Computer program code for carrying out operations of the present techniques may be written in any combination of one or more programming languages, including object-oriented programming languages and conventional procedural programming languages.
For example, program code for carrying out operations of the present techniques may comprise source, object or executable code in a conventional programming language (interpreted or compiled) such as C, or assembly code, code for setting up or controlling an ASIC (Application Specific Integrated Circuit) or FPGA (Field Programmable Gate Array), or code for a hardware description language such as Verilog™ or VHDL (Very high speed integrated circuit Hardware Description Language).
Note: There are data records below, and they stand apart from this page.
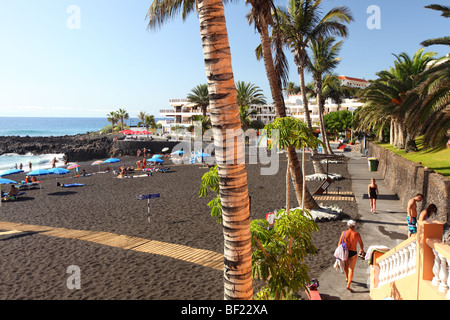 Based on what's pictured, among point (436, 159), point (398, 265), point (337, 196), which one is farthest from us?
point (436, 159)

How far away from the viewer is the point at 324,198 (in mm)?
18344

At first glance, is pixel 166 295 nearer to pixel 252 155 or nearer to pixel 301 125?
pixel 301 125

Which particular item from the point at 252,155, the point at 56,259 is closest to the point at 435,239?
the point at 56,259

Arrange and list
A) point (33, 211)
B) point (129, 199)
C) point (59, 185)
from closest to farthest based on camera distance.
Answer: point (33, 211) < point (129, 199) < point (59, 185)

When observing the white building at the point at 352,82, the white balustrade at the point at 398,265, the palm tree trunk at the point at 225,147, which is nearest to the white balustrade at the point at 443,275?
the white balustrade at the point at 398,265

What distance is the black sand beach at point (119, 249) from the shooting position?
8812mm

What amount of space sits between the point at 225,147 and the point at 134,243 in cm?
953

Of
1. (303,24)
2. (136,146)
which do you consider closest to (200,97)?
(136,146)

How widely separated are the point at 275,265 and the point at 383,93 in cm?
2699

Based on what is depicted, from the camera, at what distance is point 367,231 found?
12.2 m

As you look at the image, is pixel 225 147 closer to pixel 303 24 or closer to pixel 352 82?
pixel 303 24

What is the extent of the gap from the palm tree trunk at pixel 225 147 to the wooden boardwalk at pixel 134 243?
5.84 metres

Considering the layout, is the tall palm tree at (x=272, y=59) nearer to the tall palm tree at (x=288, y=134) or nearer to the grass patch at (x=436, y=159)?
the tall palm tree at (x=288, y=134)

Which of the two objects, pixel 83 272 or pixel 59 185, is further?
pixel 59 185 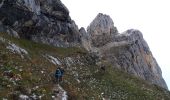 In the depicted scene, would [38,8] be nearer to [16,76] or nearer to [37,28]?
[37,28]

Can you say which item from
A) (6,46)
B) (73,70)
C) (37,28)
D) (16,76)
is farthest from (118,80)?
(16,76)

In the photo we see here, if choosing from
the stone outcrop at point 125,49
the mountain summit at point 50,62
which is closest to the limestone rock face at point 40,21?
the mountain summit at point 50,62

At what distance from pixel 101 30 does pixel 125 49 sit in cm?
1800

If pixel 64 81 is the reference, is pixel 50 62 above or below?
above

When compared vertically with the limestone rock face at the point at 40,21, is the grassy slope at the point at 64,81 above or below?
below

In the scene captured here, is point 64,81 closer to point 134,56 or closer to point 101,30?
point 134,56

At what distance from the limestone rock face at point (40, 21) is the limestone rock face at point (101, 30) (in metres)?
37.1

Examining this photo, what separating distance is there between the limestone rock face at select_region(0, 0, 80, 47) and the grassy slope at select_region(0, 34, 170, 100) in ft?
8.21

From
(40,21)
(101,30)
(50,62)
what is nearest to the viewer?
(50,62)

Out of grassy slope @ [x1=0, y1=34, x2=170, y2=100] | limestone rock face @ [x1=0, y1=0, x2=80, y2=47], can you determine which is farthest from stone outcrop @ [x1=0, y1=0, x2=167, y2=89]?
grassy slope @ [x1=0, y1=34, x2=170, y2=100]

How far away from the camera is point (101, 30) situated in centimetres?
12656

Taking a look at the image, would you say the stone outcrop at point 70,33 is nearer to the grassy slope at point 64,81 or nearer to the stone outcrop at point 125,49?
the stone outcrop at point 125,49

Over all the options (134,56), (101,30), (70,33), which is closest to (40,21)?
(70,33)

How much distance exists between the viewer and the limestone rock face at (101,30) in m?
124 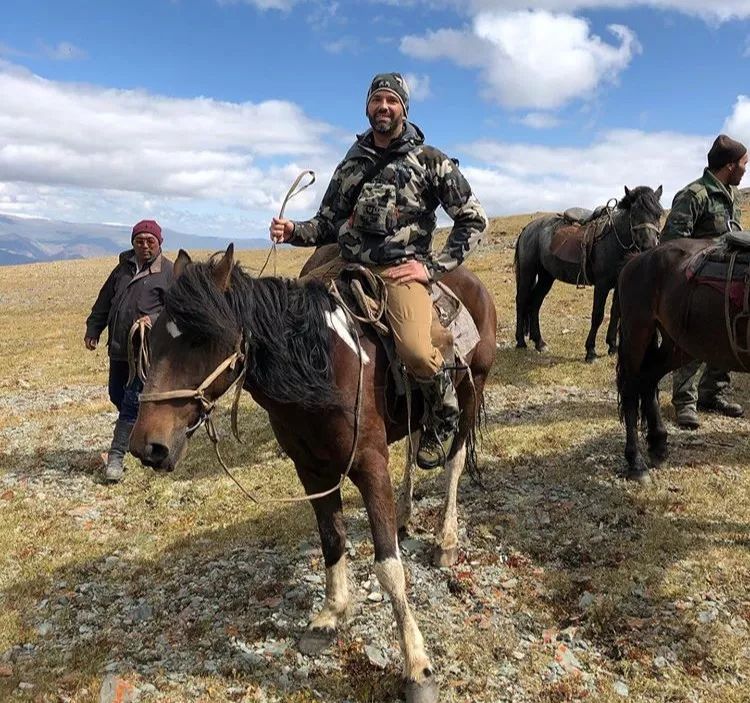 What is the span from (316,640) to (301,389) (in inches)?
72.6

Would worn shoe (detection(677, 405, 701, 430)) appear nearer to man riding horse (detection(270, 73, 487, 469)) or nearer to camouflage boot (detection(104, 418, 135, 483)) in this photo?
man riding horse (detection(270, 73, 487, 469))

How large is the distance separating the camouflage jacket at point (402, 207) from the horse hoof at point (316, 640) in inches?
96.4

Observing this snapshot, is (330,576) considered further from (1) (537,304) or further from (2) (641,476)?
(1) (537,304)

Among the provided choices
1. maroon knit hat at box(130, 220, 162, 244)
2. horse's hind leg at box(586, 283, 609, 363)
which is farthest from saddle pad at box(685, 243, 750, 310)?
maroon knit hat at box(130, 220, 162, 244)

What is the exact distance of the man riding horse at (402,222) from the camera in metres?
3.67

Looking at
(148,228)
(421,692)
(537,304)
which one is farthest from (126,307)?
(537,304)

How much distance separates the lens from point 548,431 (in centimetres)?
756

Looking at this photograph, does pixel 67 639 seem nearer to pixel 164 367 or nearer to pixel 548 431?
pixel 164 367

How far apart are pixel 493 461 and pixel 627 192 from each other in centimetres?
610

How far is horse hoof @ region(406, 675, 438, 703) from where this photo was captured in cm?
333

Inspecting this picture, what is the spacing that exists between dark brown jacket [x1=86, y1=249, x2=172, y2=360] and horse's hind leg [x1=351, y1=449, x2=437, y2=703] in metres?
3.46

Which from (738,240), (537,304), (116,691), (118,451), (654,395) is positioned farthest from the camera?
(537,304)

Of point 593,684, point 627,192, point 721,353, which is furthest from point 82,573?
point 627,192

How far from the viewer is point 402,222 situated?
12.6ft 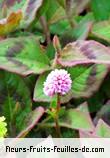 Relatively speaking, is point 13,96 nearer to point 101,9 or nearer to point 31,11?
point 31,11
The program code may execute entirely on the user's computer, partly on the user's computer and partly on a remote computer or entirely on the remote computer or server. In the latter scenario, the remote computer may be connected to the user's computer through any type of network. Code components may be embodied as procedures, methods or the like, and may comprise sub-components which may take the form of instructions or sequences of instructions at any of the levels of abstraction, from the direct machine instructions of a native instruction-set to high-level compiled or interpreted language constructs.
It will also be clear to one of skill in the art that all or part of a logical method according to embodiments of the present techniques may suitably be embodied in a logic apparatus comprising logic elements to perform the steps of the method, and that such logic elements may comprise components such as logic gates in, for example a programmable logic array or application-specific integrated circuit. Such a logic arrangement may further be embodied in enabling elements for temporarily or permanently establishing logic structures in such an array or circuit using, for example, a virtual hardware descriptor language, which may be stored using fixed carrier media.
In one alternative, an embodiment of the present techniques may be realized in the form of a computer implemented method of deploying a service comprising steps of deploying computer program code operable to, when deployed into a computer infrastructure or network and executed thereon, cause the computer system or network to perform all the steps of the method.
In a further alternative, an embodiment of the present technique may be realized in the form of a data carrier having functional data thereon, the functional data comprising functional computer data structures to, when loaded into a computer system or network and operated upon thereby, enable the computer system to perform all the steps of the method.
It will be clear to one skilled in the art that many improvements and modifications can be made to the foregoing exemplary embodiments without departing from the scope of the present disclosure.